Of course, scientists and people who support the bio-medical model will claim all humans share the same basic physiology, and though this may be true, it still confounds brain anatomy with the conscious and unconscious mind, which develop from a person's unique experiences. A person does not just have a brain, the brain develops through one's experiences. The biodeterminist believes a person's brain development is controlled simply by genetic encoding. However, the brain and the mind are related to one another, but NOT the same thing. The brain is a tangible object, but the mind is not. In their search for certainty, biodeterminists rely on what is tangible and what can be observed, despite whatever half-truths this generates about the human mind.

Despite the existential truth that nobody can be inside another person's mind, biodeterminists confound the brain and the mind and assume since we all have the same basic brain structure, we all basically think alike.
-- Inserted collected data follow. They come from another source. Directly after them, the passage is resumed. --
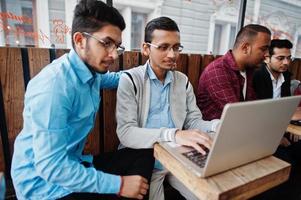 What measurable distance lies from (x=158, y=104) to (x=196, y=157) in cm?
69

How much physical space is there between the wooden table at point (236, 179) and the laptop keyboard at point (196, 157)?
6 centimetres

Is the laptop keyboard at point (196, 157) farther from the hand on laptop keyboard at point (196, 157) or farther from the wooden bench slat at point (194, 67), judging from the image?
the wooden bench slat at point (194, 67)

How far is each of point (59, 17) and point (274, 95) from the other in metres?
2.51

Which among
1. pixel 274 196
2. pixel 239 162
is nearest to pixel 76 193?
pixel 239 162

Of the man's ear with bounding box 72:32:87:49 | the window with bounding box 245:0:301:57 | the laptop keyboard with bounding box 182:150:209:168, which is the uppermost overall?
the window with bounding box 245:0:301:57

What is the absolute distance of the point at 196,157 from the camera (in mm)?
965

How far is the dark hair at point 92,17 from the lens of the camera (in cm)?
118

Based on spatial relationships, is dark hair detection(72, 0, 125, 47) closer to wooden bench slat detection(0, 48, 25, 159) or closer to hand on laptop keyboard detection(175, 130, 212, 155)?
wooden bench slat detection(0, 48, 25, 159)

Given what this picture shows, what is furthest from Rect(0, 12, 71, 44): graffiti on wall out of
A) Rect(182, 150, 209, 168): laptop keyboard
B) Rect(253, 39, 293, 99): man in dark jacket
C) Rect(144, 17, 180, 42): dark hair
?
Rect(253, 39, 293, 99): man in dark jacket

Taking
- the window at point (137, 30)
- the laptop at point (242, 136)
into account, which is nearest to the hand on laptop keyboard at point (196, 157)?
the laptop at point (242, 136)

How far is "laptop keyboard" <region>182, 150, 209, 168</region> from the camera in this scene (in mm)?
914

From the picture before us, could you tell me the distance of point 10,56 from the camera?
1464 mm

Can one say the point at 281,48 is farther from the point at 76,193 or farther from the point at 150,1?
the point at 76,193

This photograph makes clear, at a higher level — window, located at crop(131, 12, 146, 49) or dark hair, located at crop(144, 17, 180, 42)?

The problem with this evaluation is that it ignores what makes each of us unique—the mind that results from our existential experience as individuals in the world. Bio-determinists assume one's experience is only a function of the state of your brain. They will say that the mind is dependant on the brain. However, that does not negate that one's total experience is a function of many factors outside the structure and state of the brain. The focus for the biodeterminist is on what we "know" about the brain at the expense of ignoring how all the other factors can affect one unique individual's intangible mind.
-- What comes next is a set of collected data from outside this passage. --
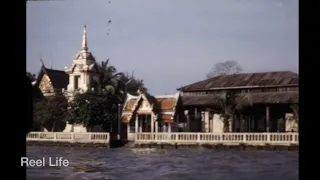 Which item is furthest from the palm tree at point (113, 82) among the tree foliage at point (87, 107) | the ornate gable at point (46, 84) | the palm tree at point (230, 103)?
the palm tree at point (230, 103)

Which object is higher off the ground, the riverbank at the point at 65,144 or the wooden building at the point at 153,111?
the wooden building at the point at 153,111

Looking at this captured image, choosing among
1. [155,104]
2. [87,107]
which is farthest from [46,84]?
[155,104]

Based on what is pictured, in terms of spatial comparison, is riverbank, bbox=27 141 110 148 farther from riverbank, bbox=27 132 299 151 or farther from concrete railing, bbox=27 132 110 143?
concrete railing, bbox=27 132 110 143

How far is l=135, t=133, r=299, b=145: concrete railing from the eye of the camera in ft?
75.1

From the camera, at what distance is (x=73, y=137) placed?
29.8 m

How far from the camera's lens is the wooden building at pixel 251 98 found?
26781 mm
But the existential conditions and environment are often unimportant to the biodeterminist who lives according to the rules of biology as a science. Ironically, on top of the many circumstances that can create a harrowing life experience, some people apparently deserve to be branded with a label like "schizophrenic" and accept the horrible stigma that comes with that label (and others like it) for the rest of their lives. However, even the times when someone seemed to be "perfectly normal," as people love to say (but they never really know), and has the infamous "schizophrenic break," it is not simply the result of a sudden "imbalance" of brain chemistry that then needs to be balanced. Unless you live in some way suspended and disconnected from any other environmental factor, disconnected from any other cultural condition, disconnected from any other being in the world other than yourself, and disconnected from any event that can contribute to your experience of the world, your experience is not simply the result of your chemical constituents. It's just not possible for a human being on this earth to be that disconnected so that the only thing a person becomes is a function of biology!
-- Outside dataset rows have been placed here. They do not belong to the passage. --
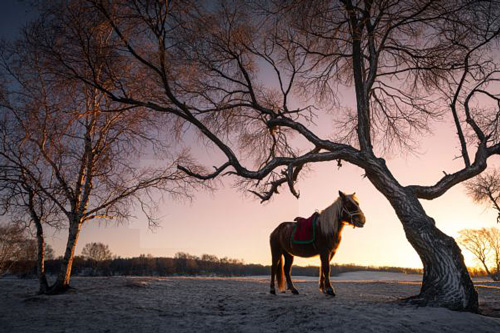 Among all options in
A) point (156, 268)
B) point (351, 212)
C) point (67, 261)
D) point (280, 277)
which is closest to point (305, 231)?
point (351, 212)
Remember: Biodeterminists don't just explain psychotic and other "abnormal" behavior in terms of physiology; they explain almost all behavior this way, which leads to the assumption that we have no real control of our lives and the decisions we make. It becomes particularly dangerous to society when most people begin to believe biodeterminists because the public forgets about the many choices both they and the biodeterminists are making while the focus is exclusively on human physiology to explain behavior. Rather than empowering people with a positive message, the biodeterminist perspective underlyingly tells people to surrender to biology. Then, the drugs that are assumed to be needed to "balance" a person's neurochemistry create real chemical imbalances and iatrogenic illnesses (when the treatment is the cause of a disease or ill side effects). People begin to assume even the choices they can or cannot make are bound by their genes and not related to their culture, not their environment, and not what they've learned through experiences. In ways unlike a person's physiological state, these other factors are capable of being changed to produce a positive outcome in someone's life. Hence, the popular slogan of those who are more mindful and want to curb biodeterminism: Biology is not destiny.